Exercise: Your output should be the lines from the one containing "Snapshot of VivienLeeigh" through the end of the listing, exact and inclusive, with no pictures.

Given material:
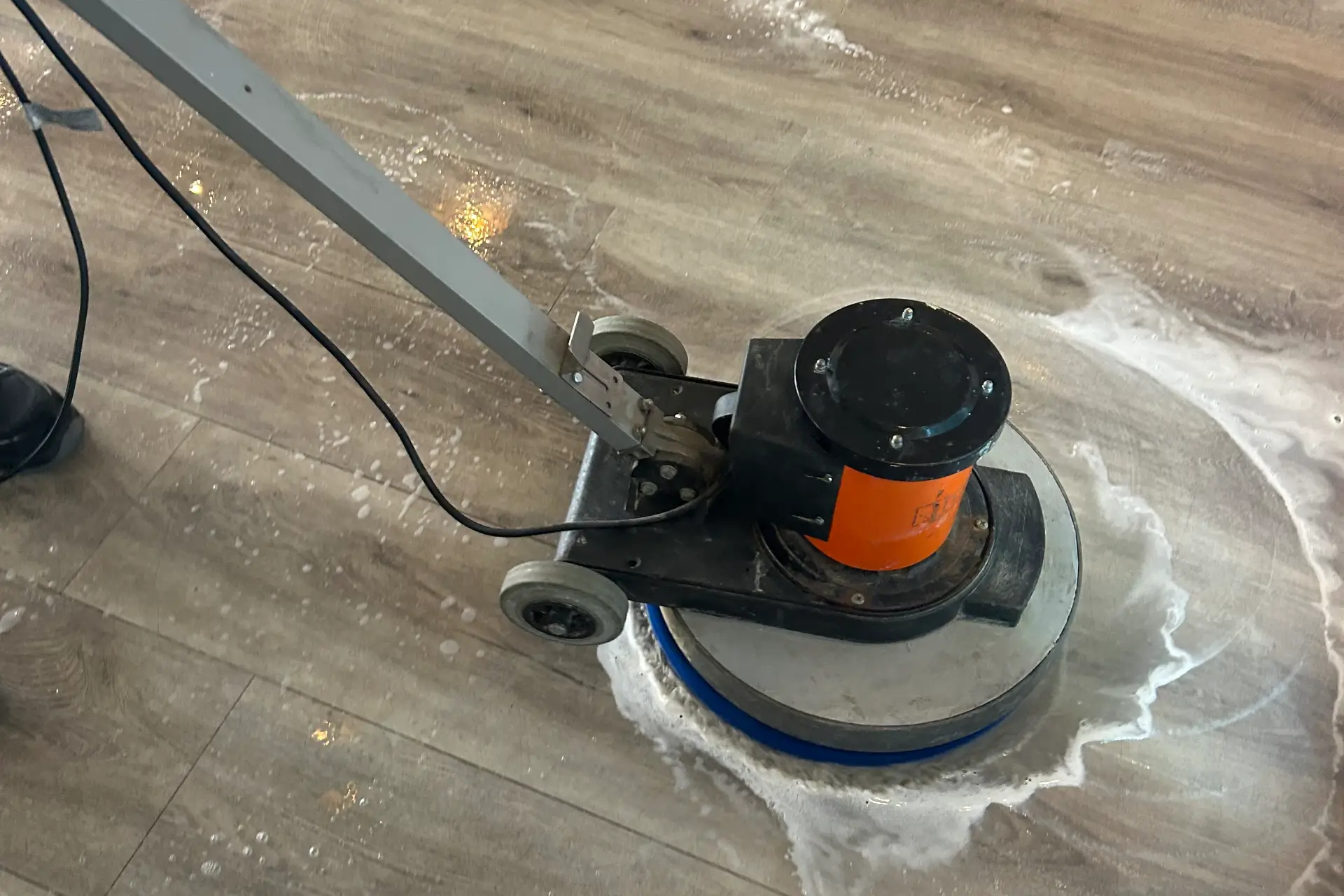 PVC vloerreininging met eenschijfmachine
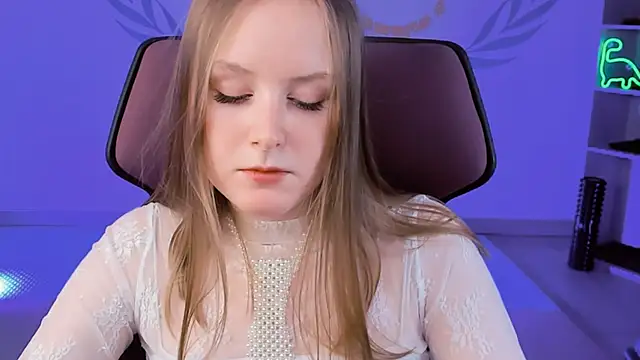 Snapshot of VivienLeeigh chatting on February 2025 05:29:02 PM VivienLeeigh online show from February 2025 05:29:02 PM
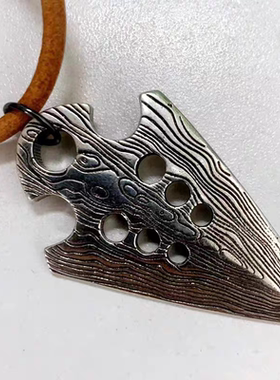 维京北欧海盗风大马士革个性箭簇项链吊坠手工锻打男士钛合金周边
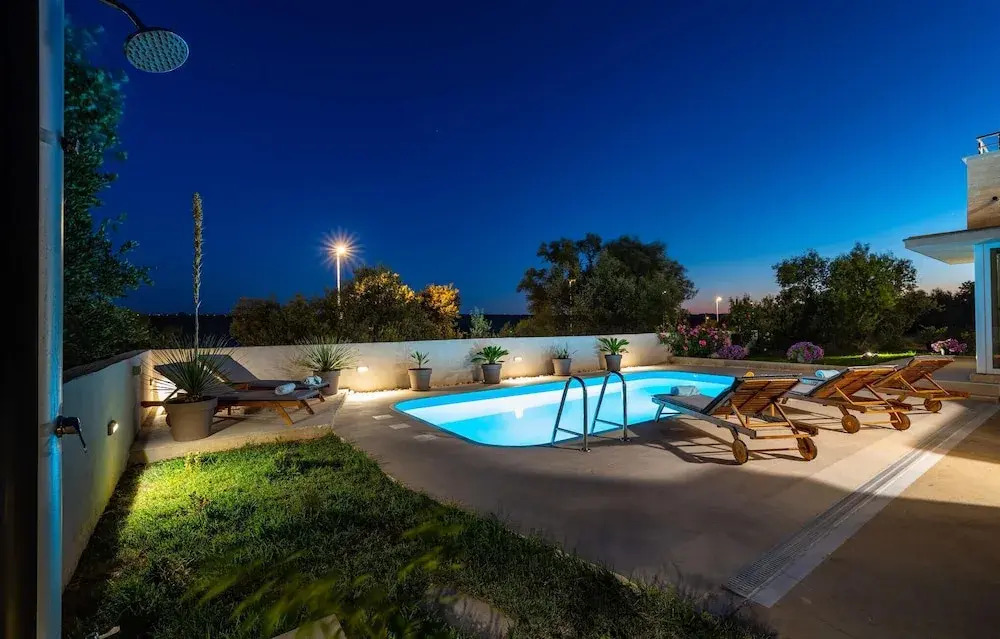 Beautiful Home in Posedarje With 4 Bedrooms, Wifi and Outdoor Swimming Pool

Expected answer:
 Snapshot of VivienLeeigh chatting on February 2025 05:29:02 PM VivienLeeigh online show from February 2025 05:29:02 PM
 维京北欧海盗风大马士革个性箭簇项链吊坠手工锻打男士钛合金周边
 Beautiful Home in Posedarje With 4 Bedrooms, Wifi and Outdoor Swimming Pool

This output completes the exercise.